* **MATERIAL PROVIDED**:
######

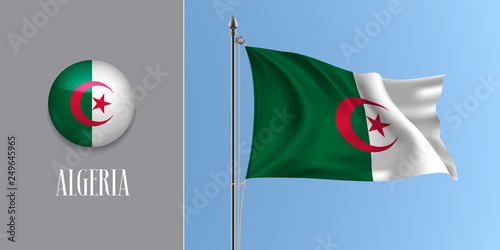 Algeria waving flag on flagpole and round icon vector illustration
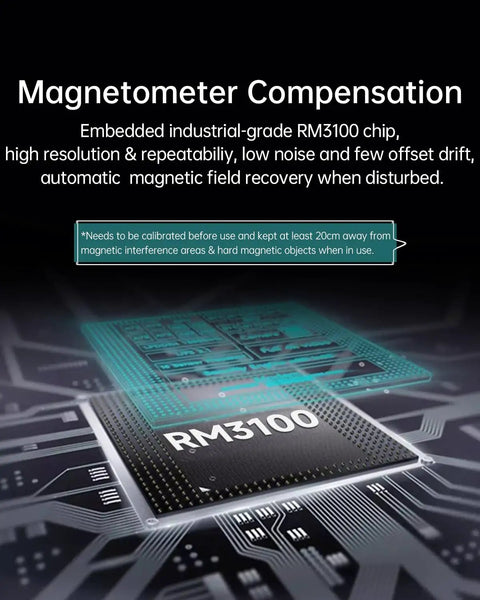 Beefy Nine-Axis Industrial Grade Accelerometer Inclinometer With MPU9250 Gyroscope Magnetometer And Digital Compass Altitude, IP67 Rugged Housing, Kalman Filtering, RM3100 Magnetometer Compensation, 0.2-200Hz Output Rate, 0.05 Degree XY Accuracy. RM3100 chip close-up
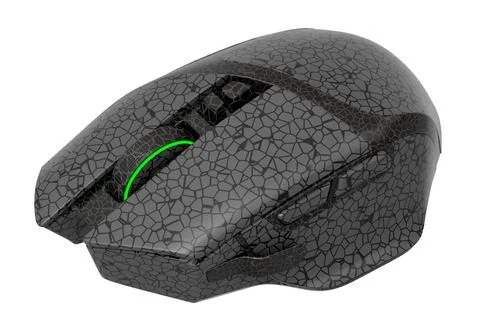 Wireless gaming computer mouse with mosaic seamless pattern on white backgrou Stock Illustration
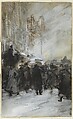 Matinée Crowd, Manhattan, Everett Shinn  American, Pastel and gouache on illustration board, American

######

* **AIM OF THE TASK**: Output the listing word for word. Drop the pictures.

* **RESPONSE TO THE TASK**:
 Algeria waving flag on flagpole and round icon vector illustration
 Beefy Nine-Axis Industrial Grade Accelerometer Inclinometer With MPU9250 Gyroscope Magnetometer And Digital Compass Altitude, IP67 Rugged Housing, Kalman Filtering, RM3100 Magnetometer Compensation, 0.2-200Hz Output Rate, 0.05 Degree XY Accuracy. RM3100 chip close-up
 Wireless gaming computer mouse with mosaic seamless pattern on white backgrou Stock Illustration
 Matinée Crowd, Manhattan, Everett Shinn  American, Pastel and gouache on illustration board, American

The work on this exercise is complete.